President Jacob Zuma, flanked by five cabinet ministers, meets EU president Herman Van Rompuy and European Commission president Jose Manuel Barroso early Tuesday as business leaders from the two sides hold their first ever summit.

The European Union is South Africa's largest trading partner -- accounting for nearly a third of its trade in 2010 -- and also its most important donor, providing some 70 percent of aid in what is the EU's largest bilateral envelope.

But Brussels says Pretoria is also holding up efforts to agree a wide-ranging Economic Partnership Agreement with the 15 southern African nations of the Southern African Development Community (SADC), some among the world's poorest and all less powerful than South Africa.
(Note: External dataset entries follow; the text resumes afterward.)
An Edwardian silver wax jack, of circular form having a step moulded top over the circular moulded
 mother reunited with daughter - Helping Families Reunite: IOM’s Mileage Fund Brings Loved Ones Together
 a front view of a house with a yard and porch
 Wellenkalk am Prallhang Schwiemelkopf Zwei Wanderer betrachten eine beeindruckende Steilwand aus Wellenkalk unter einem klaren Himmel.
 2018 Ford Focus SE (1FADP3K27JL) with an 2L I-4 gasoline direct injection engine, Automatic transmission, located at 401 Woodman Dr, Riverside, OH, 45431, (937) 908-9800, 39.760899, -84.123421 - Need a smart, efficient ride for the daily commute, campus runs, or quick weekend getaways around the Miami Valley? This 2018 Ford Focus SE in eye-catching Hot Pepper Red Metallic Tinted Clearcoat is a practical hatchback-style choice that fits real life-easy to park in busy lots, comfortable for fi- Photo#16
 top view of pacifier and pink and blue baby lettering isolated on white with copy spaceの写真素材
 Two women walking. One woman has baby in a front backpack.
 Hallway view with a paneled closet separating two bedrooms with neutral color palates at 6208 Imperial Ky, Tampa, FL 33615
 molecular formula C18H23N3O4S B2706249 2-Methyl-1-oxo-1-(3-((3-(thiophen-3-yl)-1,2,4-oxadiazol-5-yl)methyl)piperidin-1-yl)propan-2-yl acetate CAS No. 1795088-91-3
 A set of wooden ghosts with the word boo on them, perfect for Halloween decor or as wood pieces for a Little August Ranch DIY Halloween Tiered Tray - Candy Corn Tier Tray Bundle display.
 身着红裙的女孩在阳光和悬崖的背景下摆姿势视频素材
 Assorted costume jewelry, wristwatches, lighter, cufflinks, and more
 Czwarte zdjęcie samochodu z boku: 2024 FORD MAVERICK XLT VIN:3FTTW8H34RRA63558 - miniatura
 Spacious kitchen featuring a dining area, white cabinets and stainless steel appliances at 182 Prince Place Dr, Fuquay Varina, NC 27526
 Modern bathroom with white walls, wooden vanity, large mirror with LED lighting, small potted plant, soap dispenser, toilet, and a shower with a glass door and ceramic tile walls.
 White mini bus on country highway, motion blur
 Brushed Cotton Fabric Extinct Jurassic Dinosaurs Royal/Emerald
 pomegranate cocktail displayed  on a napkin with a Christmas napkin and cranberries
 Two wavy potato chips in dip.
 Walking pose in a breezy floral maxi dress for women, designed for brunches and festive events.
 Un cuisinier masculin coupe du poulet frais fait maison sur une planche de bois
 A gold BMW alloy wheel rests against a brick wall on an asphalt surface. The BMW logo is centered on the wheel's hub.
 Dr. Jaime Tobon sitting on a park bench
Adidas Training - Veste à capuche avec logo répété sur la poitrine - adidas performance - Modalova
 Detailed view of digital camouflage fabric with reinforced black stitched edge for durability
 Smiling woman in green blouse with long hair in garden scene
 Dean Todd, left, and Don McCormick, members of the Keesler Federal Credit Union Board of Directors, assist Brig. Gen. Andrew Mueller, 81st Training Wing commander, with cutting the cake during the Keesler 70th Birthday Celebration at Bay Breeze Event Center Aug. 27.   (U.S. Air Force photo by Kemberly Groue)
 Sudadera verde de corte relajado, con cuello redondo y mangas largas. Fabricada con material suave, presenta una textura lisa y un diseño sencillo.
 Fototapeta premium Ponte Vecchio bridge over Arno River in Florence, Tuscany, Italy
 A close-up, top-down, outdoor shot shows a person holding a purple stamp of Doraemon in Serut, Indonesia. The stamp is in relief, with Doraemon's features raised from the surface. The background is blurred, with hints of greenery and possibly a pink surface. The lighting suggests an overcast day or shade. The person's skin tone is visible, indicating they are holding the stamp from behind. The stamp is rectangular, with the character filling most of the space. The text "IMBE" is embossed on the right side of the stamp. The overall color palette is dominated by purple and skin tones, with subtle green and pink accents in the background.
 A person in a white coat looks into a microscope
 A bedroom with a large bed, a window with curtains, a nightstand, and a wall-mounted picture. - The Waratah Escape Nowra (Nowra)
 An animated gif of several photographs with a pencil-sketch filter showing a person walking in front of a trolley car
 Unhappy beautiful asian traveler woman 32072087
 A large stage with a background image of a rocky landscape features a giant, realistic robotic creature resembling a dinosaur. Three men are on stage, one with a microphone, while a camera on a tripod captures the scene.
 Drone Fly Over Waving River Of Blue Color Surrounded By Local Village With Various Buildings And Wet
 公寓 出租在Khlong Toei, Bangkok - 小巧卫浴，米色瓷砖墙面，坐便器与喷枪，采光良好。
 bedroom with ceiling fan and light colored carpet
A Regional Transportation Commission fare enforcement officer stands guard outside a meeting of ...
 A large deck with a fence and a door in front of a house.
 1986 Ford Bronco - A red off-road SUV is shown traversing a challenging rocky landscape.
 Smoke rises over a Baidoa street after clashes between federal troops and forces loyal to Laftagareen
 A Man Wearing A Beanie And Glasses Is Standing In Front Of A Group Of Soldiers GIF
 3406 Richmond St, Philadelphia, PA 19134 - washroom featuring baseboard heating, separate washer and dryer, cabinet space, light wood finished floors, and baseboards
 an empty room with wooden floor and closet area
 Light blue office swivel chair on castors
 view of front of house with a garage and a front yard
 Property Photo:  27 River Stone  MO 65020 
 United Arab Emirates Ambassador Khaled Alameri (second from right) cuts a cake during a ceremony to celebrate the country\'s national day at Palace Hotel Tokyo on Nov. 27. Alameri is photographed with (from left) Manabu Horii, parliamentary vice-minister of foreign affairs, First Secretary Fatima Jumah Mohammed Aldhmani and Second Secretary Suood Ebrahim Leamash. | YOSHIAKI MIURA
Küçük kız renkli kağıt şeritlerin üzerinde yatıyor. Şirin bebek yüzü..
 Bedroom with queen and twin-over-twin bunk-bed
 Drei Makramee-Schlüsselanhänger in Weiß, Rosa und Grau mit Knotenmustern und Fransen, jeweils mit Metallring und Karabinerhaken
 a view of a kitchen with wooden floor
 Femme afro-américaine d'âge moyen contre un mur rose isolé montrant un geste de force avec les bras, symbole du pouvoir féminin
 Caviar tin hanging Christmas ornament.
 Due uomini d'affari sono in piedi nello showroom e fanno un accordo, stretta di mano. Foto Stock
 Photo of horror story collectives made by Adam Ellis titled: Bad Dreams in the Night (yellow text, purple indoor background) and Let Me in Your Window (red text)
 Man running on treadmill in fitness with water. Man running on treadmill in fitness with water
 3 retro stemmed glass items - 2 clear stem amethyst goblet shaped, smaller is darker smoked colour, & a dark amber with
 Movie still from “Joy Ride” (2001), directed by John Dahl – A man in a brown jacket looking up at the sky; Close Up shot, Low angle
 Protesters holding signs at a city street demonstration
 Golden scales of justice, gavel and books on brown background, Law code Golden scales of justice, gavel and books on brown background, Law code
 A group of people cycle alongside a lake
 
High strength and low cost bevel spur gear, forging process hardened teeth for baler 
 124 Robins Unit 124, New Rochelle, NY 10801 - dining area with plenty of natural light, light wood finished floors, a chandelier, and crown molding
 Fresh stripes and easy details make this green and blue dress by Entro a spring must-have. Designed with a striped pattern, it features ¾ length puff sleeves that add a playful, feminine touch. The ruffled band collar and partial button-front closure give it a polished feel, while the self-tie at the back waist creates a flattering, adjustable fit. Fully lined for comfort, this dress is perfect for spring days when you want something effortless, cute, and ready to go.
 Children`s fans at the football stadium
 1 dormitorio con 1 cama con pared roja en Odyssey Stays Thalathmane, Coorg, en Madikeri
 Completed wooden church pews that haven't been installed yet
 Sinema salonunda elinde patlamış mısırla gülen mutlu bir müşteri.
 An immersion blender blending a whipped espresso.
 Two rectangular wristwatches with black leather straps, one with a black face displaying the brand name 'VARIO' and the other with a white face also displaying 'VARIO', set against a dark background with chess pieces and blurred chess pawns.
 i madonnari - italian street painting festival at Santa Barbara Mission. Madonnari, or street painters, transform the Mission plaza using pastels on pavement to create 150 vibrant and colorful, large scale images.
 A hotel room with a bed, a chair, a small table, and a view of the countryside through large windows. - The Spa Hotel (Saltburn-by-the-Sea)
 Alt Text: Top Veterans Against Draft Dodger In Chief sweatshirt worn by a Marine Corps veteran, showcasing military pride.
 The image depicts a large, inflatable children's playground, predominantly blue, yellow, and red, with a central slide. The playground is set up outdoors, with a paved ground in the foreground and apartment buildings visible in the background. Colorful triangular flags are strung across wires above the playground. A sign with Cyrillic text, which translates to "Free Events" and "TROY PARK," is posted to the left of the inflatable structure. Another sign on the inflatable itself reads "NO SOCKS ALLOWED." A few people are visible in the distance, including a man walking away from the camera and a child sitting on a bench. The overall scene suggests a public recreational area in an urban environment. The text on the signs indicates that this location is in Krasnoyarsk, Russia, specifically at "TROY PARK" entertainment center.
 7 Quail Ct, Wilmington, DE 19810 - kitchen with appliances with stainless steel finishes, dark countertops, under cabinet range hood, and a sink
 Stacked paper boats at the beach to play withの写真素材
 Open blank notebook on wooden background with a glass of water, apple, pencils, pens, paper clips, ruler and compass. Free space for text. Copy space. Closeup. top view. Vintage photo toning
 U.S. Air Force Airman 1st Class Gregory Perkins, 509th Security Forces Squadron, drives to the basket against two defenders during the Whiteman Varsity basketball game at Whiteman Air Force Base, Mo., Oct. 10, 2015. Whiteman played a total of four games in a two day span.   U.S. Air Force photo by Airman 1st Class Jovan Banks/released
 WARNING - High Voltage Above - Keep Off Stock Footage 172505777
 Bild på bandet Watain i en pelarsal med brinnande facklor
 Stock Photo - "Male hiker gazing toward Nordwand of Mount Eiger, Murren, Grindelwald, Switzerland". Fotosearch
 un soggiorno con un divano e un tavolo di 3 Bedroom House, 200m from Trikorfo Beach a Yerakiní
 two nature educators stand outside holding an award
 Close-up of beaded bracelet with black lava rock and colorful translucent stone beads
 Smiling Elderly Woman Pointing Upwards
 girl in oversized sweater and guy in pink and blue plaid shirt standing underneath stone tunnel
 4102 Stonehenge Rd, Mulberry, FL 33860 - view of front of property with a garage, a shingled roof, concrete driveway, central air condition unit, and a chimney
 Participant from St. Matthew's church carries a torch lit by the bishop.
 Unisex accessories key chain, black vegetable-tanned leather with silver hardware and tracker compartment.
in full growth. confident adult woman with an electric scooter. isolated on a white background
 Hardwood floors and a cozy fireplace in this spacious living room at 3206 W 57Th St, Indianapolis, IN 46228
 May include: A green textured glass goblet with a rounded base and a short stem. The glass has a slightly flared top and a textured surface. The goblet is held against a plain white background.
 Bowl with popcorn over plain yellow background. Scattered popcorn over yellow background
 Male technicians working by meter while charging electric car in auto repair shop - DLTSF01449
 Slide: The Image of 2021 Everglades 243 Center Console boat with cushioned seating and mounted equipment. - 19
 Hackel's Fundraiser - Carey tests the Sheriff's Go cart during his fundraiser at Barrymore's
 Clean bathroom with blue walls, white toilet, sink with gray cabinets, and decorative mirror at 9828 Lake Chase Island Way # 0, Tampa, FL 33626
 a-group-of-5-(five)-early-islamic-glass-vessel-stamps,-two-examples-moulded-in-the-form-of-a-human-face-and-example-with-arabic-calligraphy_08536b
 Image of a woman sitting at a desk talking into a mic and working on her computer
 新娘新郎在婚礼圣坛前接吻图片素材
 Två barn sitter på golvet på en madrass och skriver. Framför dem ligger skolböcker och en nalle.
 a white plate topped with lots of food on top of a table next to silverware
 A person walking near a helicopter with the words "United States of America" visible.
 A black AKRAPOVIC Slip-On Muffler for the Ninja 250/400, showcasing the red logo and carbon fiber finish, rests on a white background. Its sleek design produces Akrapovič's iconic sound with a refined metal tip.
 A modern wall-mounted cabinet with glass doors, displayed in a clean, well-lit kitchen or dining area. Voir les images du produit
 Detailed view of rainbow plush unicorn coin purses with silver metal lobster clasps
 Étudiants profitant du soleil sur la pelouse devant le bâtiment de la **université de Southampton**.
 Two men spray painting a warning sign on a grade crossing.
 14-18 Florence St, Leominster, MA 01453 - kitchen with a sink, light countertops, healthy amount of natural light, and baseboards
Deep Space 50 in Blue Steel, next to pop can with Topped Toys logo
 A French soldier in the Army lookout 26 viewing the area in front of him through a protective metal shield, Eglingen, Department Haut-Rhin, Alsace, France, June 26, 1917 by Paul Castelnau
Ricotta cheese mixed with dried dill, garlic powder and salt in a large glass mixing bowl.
"The key person we need to move is South Africa," said a senior EU diplomat who asked not to be named. "For other partners it's more or less closed."

The EU had hoped to end EPA negotiations with the region next year but South Africa is demanding more access to the EU market, the world's biggest, for its agricultural products, including wine, another source said.

A diplomat said Brussels had made an offer and was awaiting a response. "We're not asking the moon. There's an offer on the table to which South Africa must respond."

A deal would be particularly beneficial to nations such as Namibia or Botswana.

Since 2004, trade between the EU and South Africa has increased by 128 percent and the 27-nation bloc accounts for three quarters of direct foreign investment to the country.

The summit will also boosting the fight against piracy and terrorism as well as strengthening cooperation on science and technology and launching a so-called human rights "dialogue."

"South Africa is an important partner in helping us find common ground with Africa on rights," said one diplomat.